Stephens: The best argument made on behalf of climate mitigation strategies is even if there’s a small chance your house catches fire, you take out insurance. That’s perfectly sensible. And you can make a perfectly sensible argument that even if we’re not 100 percent sure we’re facing a catastrophic climate future, we should take out a host of insurance policies to mitigate carbon emissions.

But then the intelligent question is: “How much are you paying for insurance?”

Stein: Are you saying we’re currently paying too much?

Stephens: I’m saying that’s a question we ought to be raising.

As if nobody is currently raising it? “There’s a whole thriving area of scholarship devoted to it,” Roberts retorts, correctly. “There are all sorts of smart people who have thought it through from all sorts of angles and run all sorts of models.” Almost as much thriving scholarship as there is on the Civil War, actually. This is the kind of intellectual dishonesty that makes subscribers consider ditching the paper they mostly love.

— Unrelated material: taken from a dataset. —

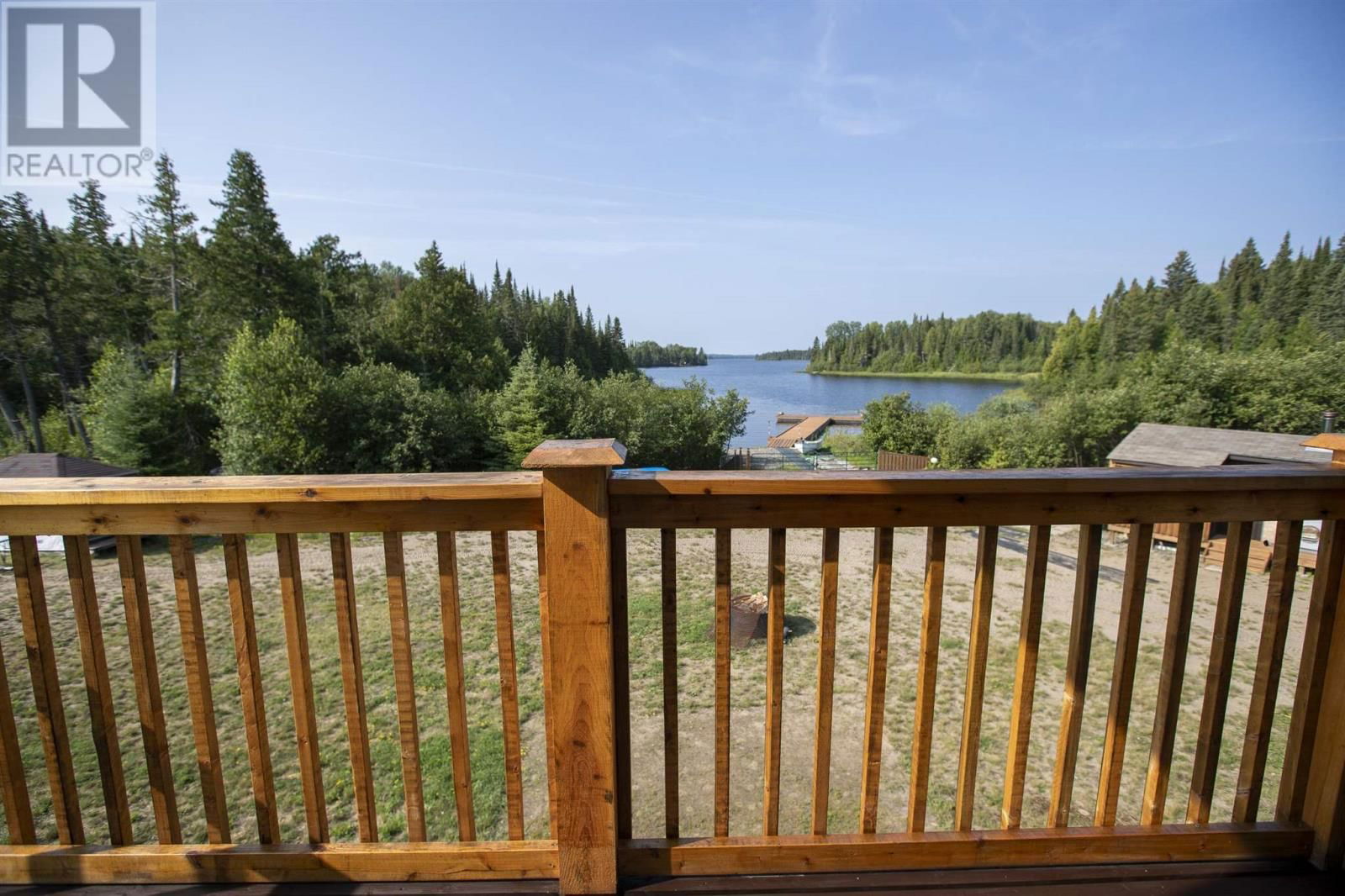 00 ATHELSTANE LAKE RD Image 18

I’m not doing that. If I haven’t abandoned the Times after decades of reading Maureen Dowd and David Brooks, I won’t let Stephens drive me off. To be honest, I came closer to canceling after the paper’s embarrassing over-coverage of James Comey’s shameful October surprise (as well as Hillary Clinton’s e-mail troubles more generally), and its under-coverage of the evidence that intelligence agencies were investigating the Trump campaign’s ties to Russian officials and their hacking of Democrats. I still look forward to the Times doing an exhaustive investigation of the paper’s failings in covering Election 2016, the way it did of its faulty reporting in the run-up to the Iraq War.

Instead, it hired a climate-change skeptic. And Baquet insults his angry readers by suggesting that their own intellectual blinders led them to underestimate Trump’s chances last November—that somehow we brought on the Trump apocalypse by not trying to “understand different views.” That makes it seem that, instead of listening to liberal critics of its anti-Clinton election coverage, the paper’s leadership has been cowed by Trump himself, who likes to claim that the “failing” paper is going down because it missed the heartland populist revolt that led to Trump’s election.

Even as the Times boasts that Trump’s election increased its subscriber base, and advertises that it will challenge the “alternative facts” the administration promotes, it hires Stephens and insults its readers by suggesting they’re intellectually close-minded for objecting to the hiring of Stephens. So what’s next? Will the paper’s next op-ed pick be someone who questions whether the Civil War was necessary? If Barack Obama was really born in the United States? Whether we’re talking about the Civil War, climate change, or the merits of hiring a climate-change denier, pretending we don’t know what we really do know is dangerous.

And in the age of Trump, acting like you’re the only one brave enough to raise these questions is arrogant and offensive. In other words: It’s Trump-like.